History tells us America never had this problem from 1789 to 1930 when the federal government ran 101 budget surpluses as it had a single committee determining the federal budget—with the only exception being from 1880-1920. In 1885 Speaker Samuel Randall delivered this prophetic warning: “If you divide these appropriations among many committees where there ought to be one, you will enter upon a path of extravagance--until you find the country bankrupt.”
In 1930 President Franklin Roosevelt (D) pushed Congress to create various entitlements after the “Great Depression”, along with spreading budget jurisdiction over various committees for the various entitlement programs. BUDGET ACCOUNTABILITY VANISHED! Roosevelt was concerned about moral decay of the citizenry and placed work requirements on the entitlements. FDR was re-elected four more times.

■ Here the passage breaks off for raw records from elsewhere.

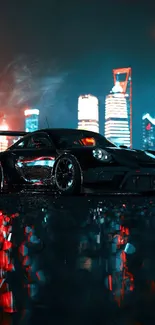 Dynamic sports car in city nightscape wallpaper.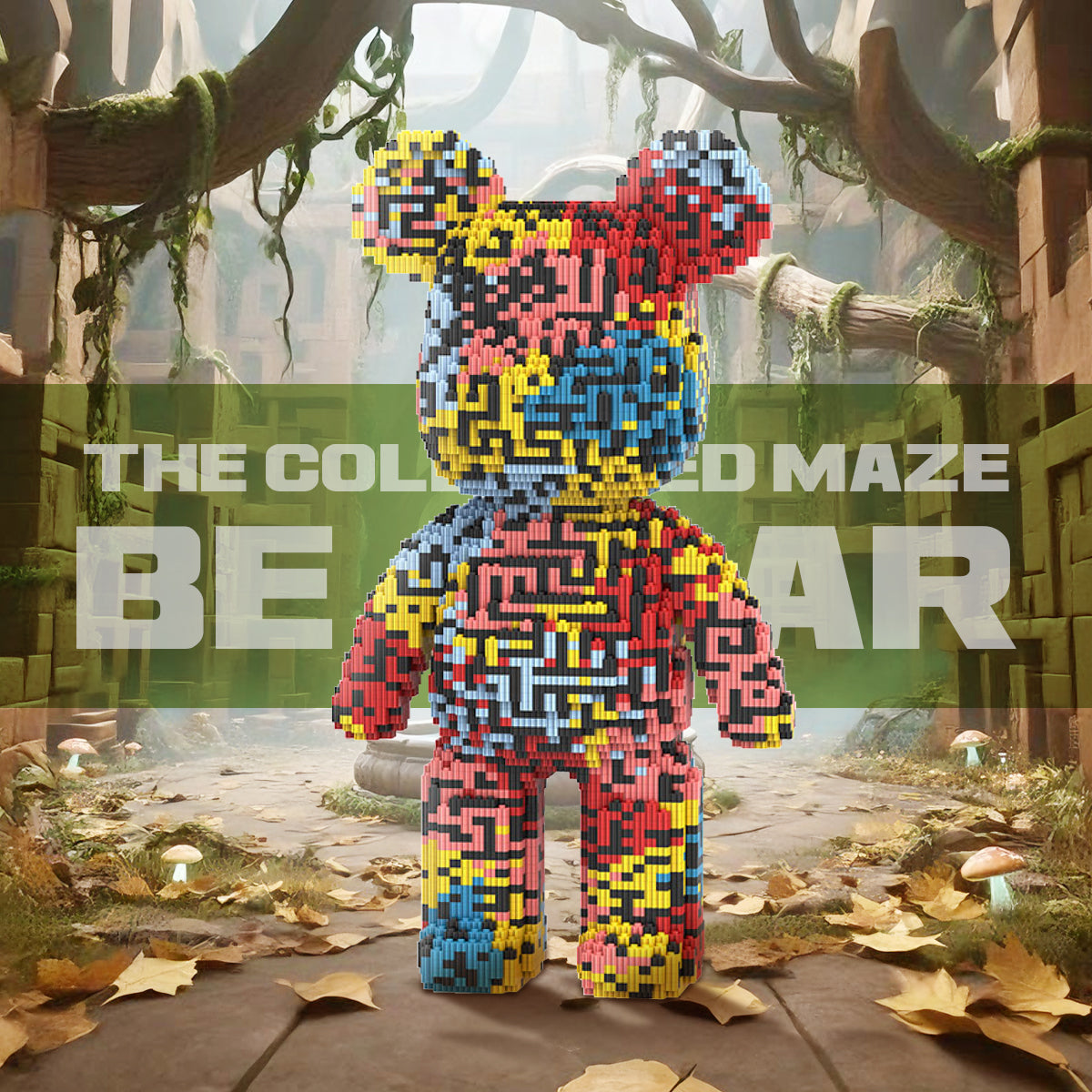 DAHONPA Art Labyrinth Color-Block Bear Micro Building Blocks Set (7250 PCS) – DIY Trendy Art Collectible Figurine for Kids & Adults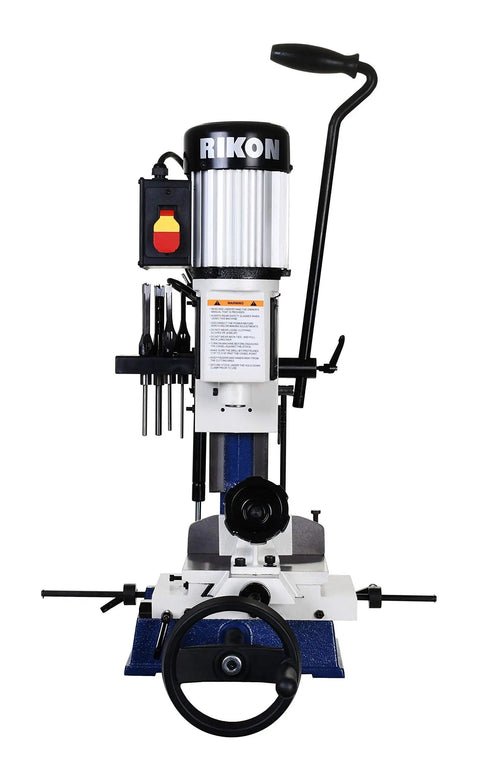Front view of Pro Grade Benchtop X Y Mortiser With Sliding Axis Table And Half HP 1750 RPM Motor For Precise Mortises In Wood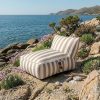Chaise longue rayures blanches et beiges | 72x102x65 cm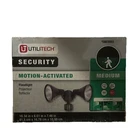 Utilitech Motion Activated Outdoor Flood Light Black Dual Wall Mounted Hardwired Open. Price: $9.95.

Entitlements were expanded further in the 1960’s under President Johnson’s (D) “Great Society” programs, and again in 2010 under President Obama (D) who even took away work requirements. Today there are more than a dozen committees in each chamber that are responsible for Food Stamps, Student Loans, Social Security, Medicare, Medicaid, Obamacare, etc.—with each committee having a powerful SPENDING INCENTIVE. Although there are House and Senate Budget Committees, they have no authority to change entitlements. Still NO BUDGET ACCOUNTABILITY!
History tells us that Congress knows how to fix this problem if they wanted to. In fact, Sen. Joe Biden urged in 1979 that all spending (except existing levels of Social Security and Medicare) be subject to annual appropriations, thus “making new and existing entitlements subject to the appropriation of funds, thus effectively ending their entitlement status.” However, apparently the next election was just too important to worry about America going bankrupt.